With his voice gradually intensifying in volume, Malema said Zuma’s leadership had suppressed the voice of the youth and replaced democracy with dictatorship.
“We’ve seen intolerance. People are impatient with the youth, people do not appreciate new opinions. They suppress new opinions,” he said to thunderous applause from a packed hall at Wits University.
Malema reiterated the fight for “economic freedom”, warning against the risk of being managed by illiterates.
“We can’t have economic freedom managed by illiterates. That government will collapse... It will be on autopilot because you don’t know where to take this government,” he said.
“We need sophisticated men and men and women and that’s why education is very important.”
Moving into the future the leadership debate should not be about credentials but about whether a person could understand inflation, Malema said to applause and laughter.
He accused the ANC of being selective in its decisions, particularly pertaining to the disciplinary procedures instituted against youth league leaders.
Malema said the league was praised as being militant when it criticised certain individuals, but was condemned as ill-disciplined when criticising others.
“It can’t be that others can be criticised an others can’t.”
Malema said not all ANC leaders were progressive, citing among those John Dube, founding president of the African National Congress whom he said went and formed another organisation.

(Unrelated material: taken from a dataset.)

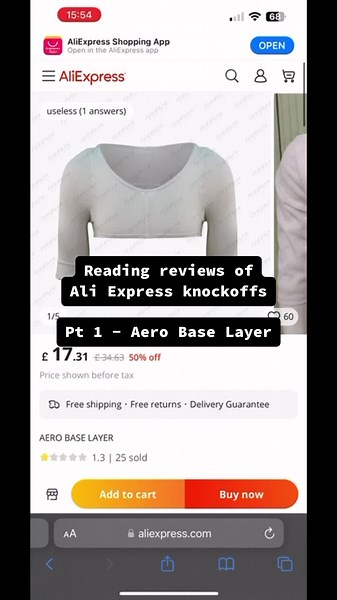 Reading Reviews of Knockoff Rule 28 Aero Base Layers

Opinions by youth league leadership were possibly seen as a threat by the mother body, Malema said.
“Those are our observations. It cannot be entirely correct. Other people can differ,” he said.
Drawing ANC treasurer Mathews Phosa’s attention, Malema said it was nothing personal but that leadership must accept criticism.

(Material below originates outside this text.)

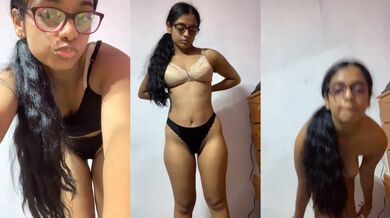 2nd-year College Doctor girl getting nude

“We must be honest and not pretend. We must give a true reflection of what’s happening,” he said.
“If you want to be pretenders, then you have chosen the wrong career.”
Malema said leadership must always welcome criticism because that built them into strong leaders.
“Beware comrade Mathews, when people stop criticising you, you must worry. But when they criticise you, it means they care.”
Malema, who is appealing his expulsion with the ANC’s national disciplinary committee of appeal chaired by Cyril Ramaphosa, questioned the logic behind disciplinary procedures instituted against him and other league leaders.
“What is so ill-disciplined about thinking? Let’s debate that. You’ve got the right to think even if we think of wrong things,” he said.
“You need no permission to think, you are born with it. It’s your birthright and your own baby to nurse.”
Malema charged that the league could not be punished for thinking.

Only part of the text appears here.